TOM CONNELL: So, does that also - does that not apply then if you're talking about a gay student that might be going to a religious school and the parents don't want them being taught that marriage is exclusively between a man and a woman …..?
ATTORNEY-GENERAL: Well, this is - we're talking about essentially state schools here, Tom. Where parents who choose a religious school obviously choose a religious school knowing that it's a religious school.
TOM CONNELL: Because the student and the teacher element is still to be worked out now, essentially. That's gone off for a further review.
ATTORNEY-GENERAL: Well, it has. We've determined to send that based on discussions with the states about an appropriate term of reference to the Australian Law Reform Commission. The reason being, the Prime Minister, with students, made good on his undertaking to try and have that matter resolved, in fact had a clearly drafted bill, offered a conscience vote ultimately across both sides of politics if they were to agree. But although it sounds simple, balancing the principles of protecting a religious school's ability to teach and conduct its affairs according to its faith and also removing discrimination against students, striking that balance as a matter of drafting is clearly difficult, clearly people disagree on what the appropriate balance is and how it should be drafted. So, we've determined that with that issue and with respect to the issue of hiring and managing school teachers, that the best response is to have an independent legally expert process where specific drafting alternatives to finding that balance can be put to parliament and hopefully that's a way in which we can find some bipartisanship on this issue.

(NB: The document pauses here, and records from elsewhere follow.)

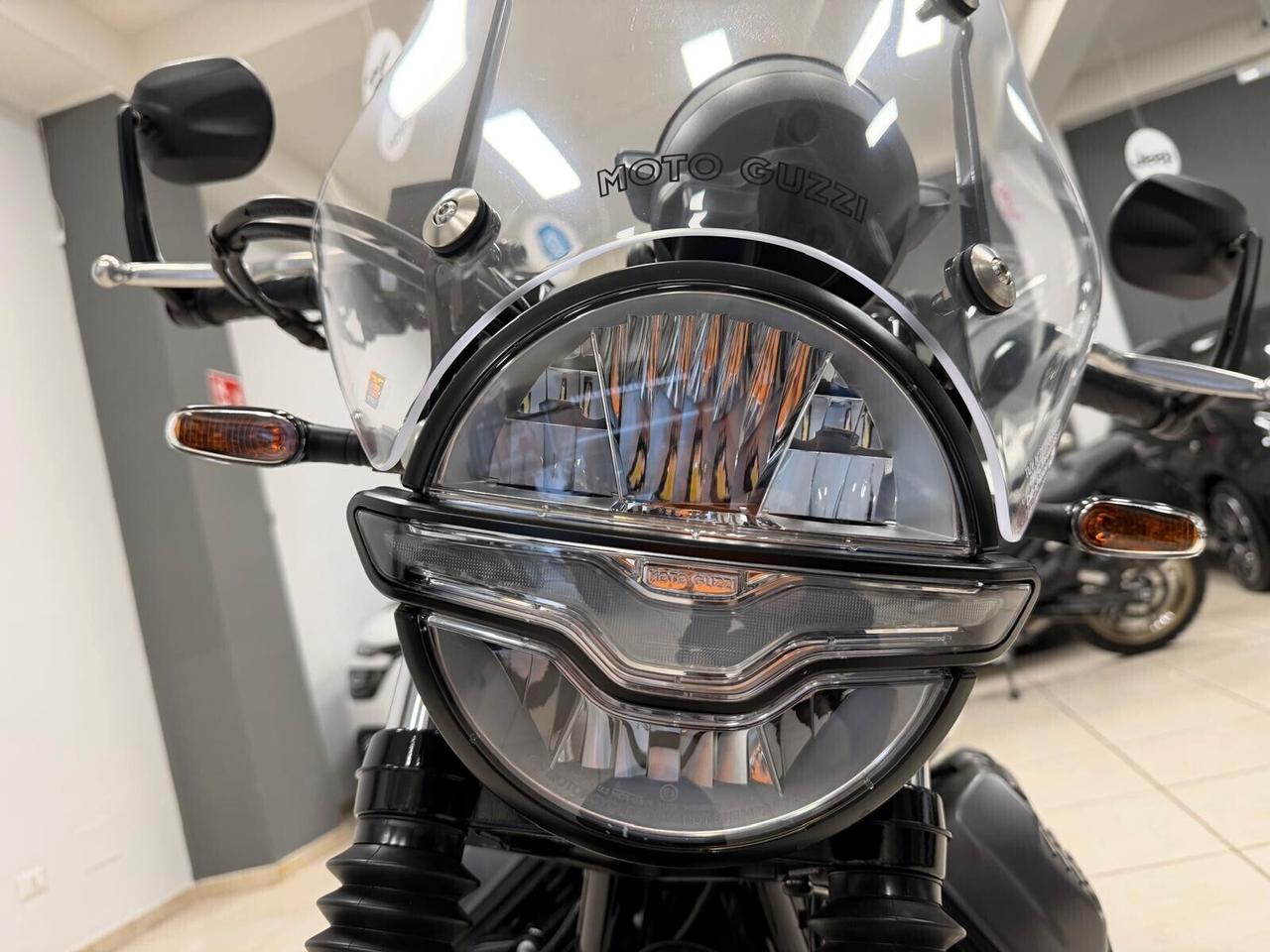 Moto Guzzi V7 STONE TEN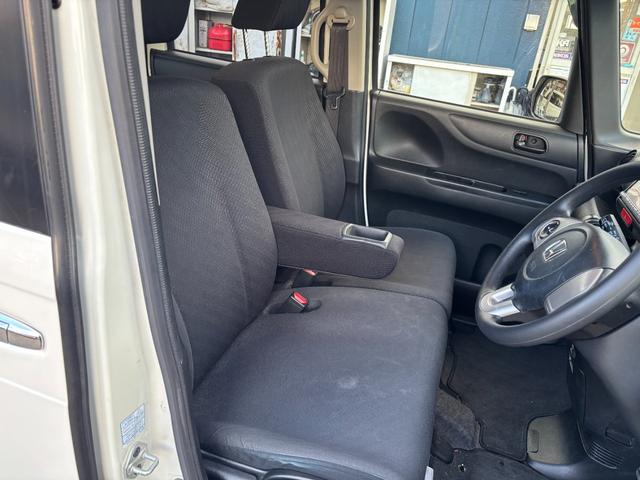 N-BOX G SSパッケージ 両側電動スライドドア スマートキー 社外ナビ バックカメラ フルセグTV Bluetoothオーディオ LEDヘッドライト ETC オートエアコン 純正アルミ(14枚目)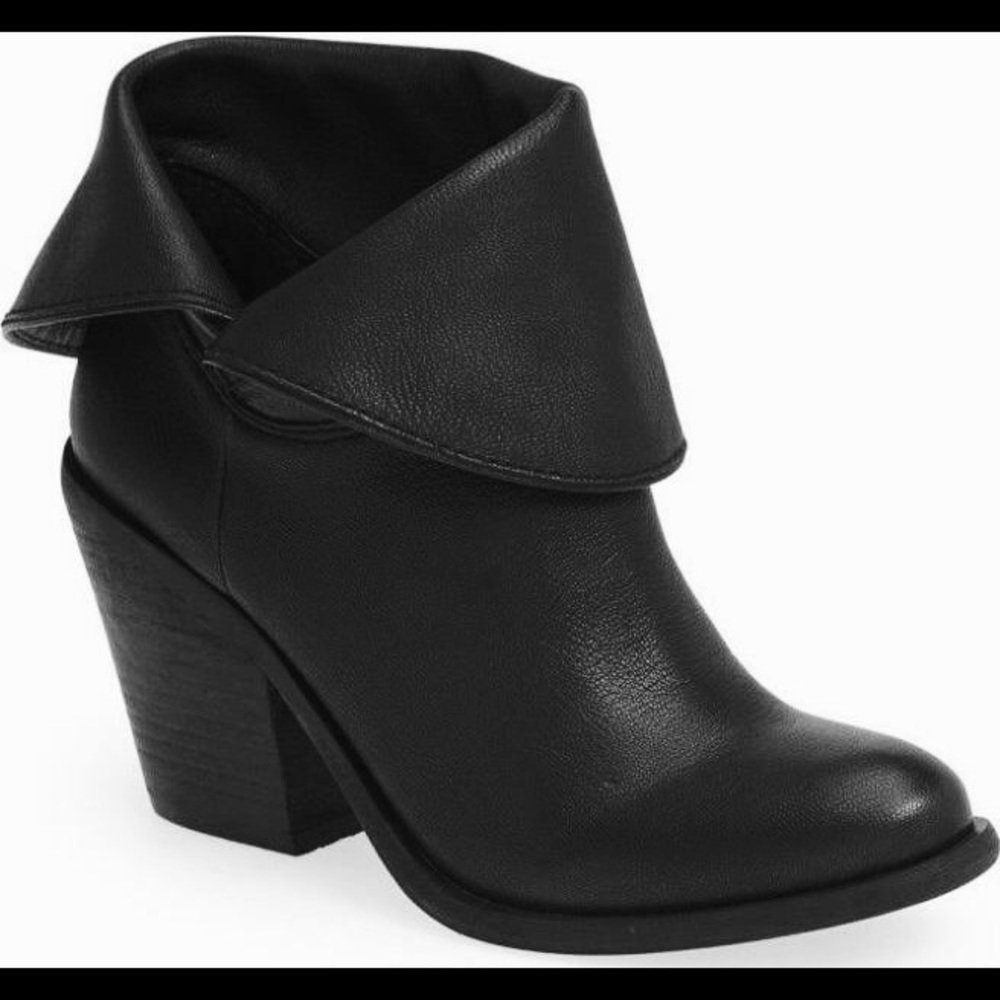 Lucky Brand New Ethann black ankle boots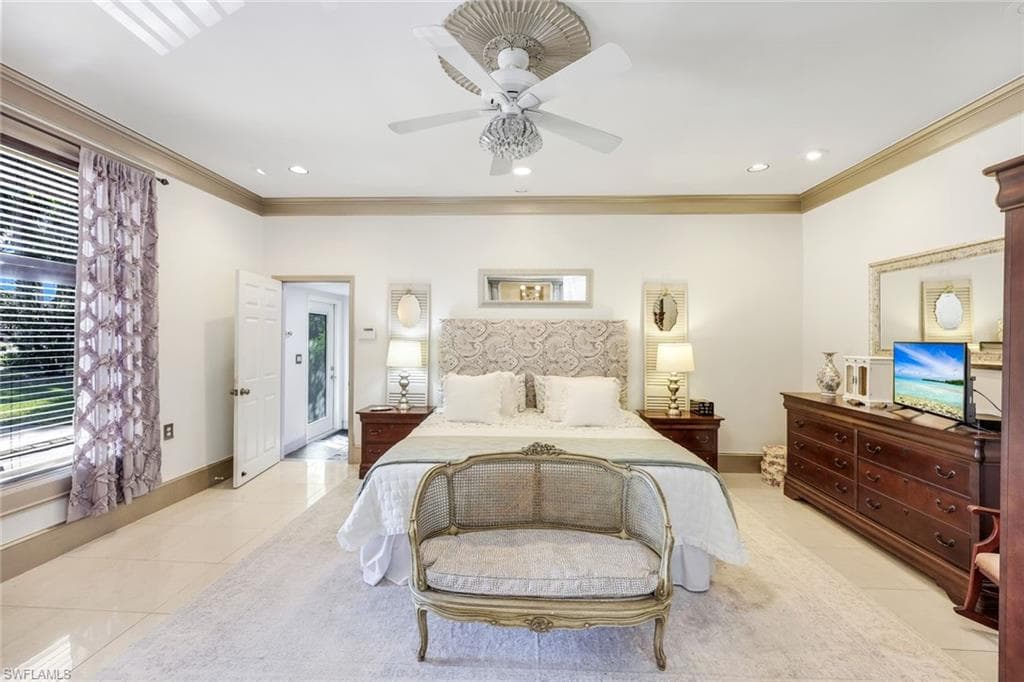 1321 Donna DR-16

TOM CONNELL: I just wanted to touch finally on encryption. There's been a lot going on in your area actually lately, Attorney-General. You've spoken of the need to have these laws because of terrorism, child sex abuse, but they're going to apply to any offence punishable by up to three years in prison, so that could include improper use of an emergency call service, interference with political rights and duties, theft, causing reckless injury. These are big powers to have for what sound like not all that dramatic crimes.
ATTORNEY-GENERAL: Well, service denial attacks against 000 call centres are probably, in my view, about as serious as you can get, as are the other matters that you've mentioned. Plus I would note for all of your viewers that the ability to…
TOM CONNELL: ….That is a bit of a …..surely.
ATTORNEY-GENERAL: Well, not at all. The type of offences that you've listed out, I think people would reasonably expect that law enforcement agencies are properly equipped to investigate. And if it's the case that organised crime networks and serious criminals are using encrypted platforms, at least having some ability for our agencies to compel the assistance of the designers and developers of those platforms seems an appropriate and reasonable response. And ultimately both sides of politics agreed that it is an appropriate and reasonable response, although it took Labor kicking and screaming to get there.
TOM CONNELL: It did. My understanding was they wanted a bit of a longer sentence than that. But look, that's still something with a little bit of debate in it. Attorney-General Christian Porter, you've been generous with your time, thank you.